Può essere una casualità: una giornata in cui, invece di proseguire verso l’abituale luogo di lavoro, si scende ad una fermata a caso, e s’inizia a vagabondare per la città. Finire con il perdersi inesorabilmente, affascinati e divertiti da ciò che curiosità e capriccio stanno mostrando: bene, siete ufficialmente promossi a flaneur. Se poi scrivete per professione, come il maestro Edmund White, potreste produrre un piccolo capolavoro: per Guanda Editore, 2005, pp. 170, euro 12.

Dietro questa specie di guida di Parigi si nasconde il lavoro serio e scrupoloso dello studioso, distillato con la leggerezza del grande narratore. White ci racconta dei monumenti e degli angoli meno noti, della più sublime storia francese quanto di quella più meschina, di scrittori, di mercati, degli ebrei o degli omosessuali in Francia, dei caffè, degli incontri nei parchi negli anni in cui scriveva del suo saggio su Genet.

Un passeggiare per Parigi senza scopo apparente, ma intanto un osservare attento e impegnato: un museo che sta cadendo nell’oblio, i luoghi della vitale, contraddittoria Colette, i vecchi locali dove passò l’incanto esotico di Joséphine Baker, i luoghi di ritrovo dei gay, il Marais con le sue sinagoghe e i ristoranti kasher, l’ambiente creativo e stravagante del Club dei mangiatori di hashish.

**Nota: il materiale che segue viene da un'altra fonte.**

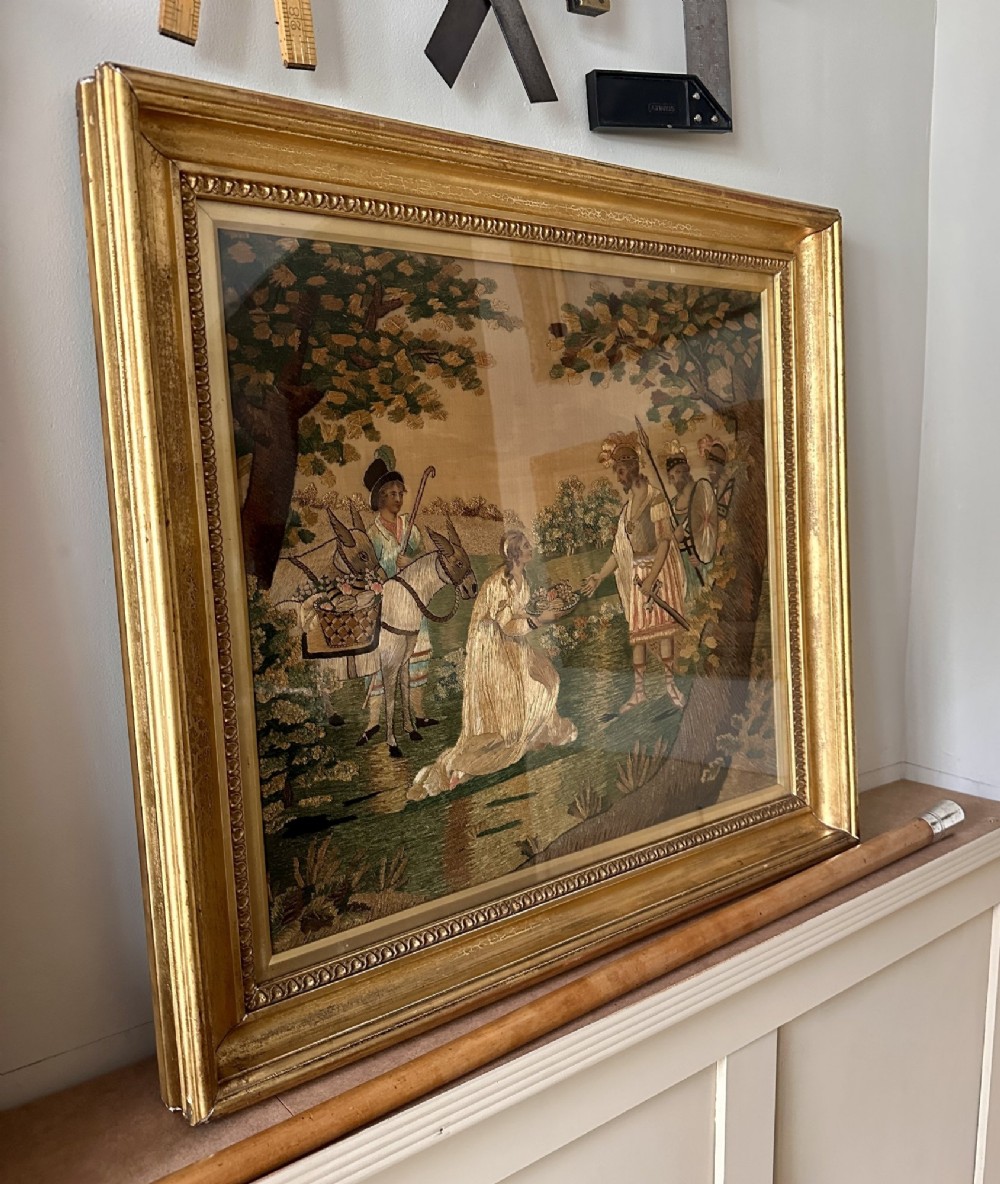 A framed Regency silk and chenille embroidery picture depicting the biblical narrative of Abigail before King David within a moulded gilt frame. View III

Al suo riferimento Baudelaire, lo scrittore si ripropone come bohemien moderno, artista in grado di percepire la vera essenza di un posto incantato che neppure chi ci abita ha la pazienza di cogliere nel suo spirito. Una scoperta che salta agli occhi, e stupisce. Per i francesi amare o meno la Piramide del Louvre è una questione politica: se sei di sinistra ti piace, se no niente. Quindi a degli amici americani che gli chiedevano la sua opinione, Edmund White ha risposto, serissimo: “certo che mi piace, sono socialista!”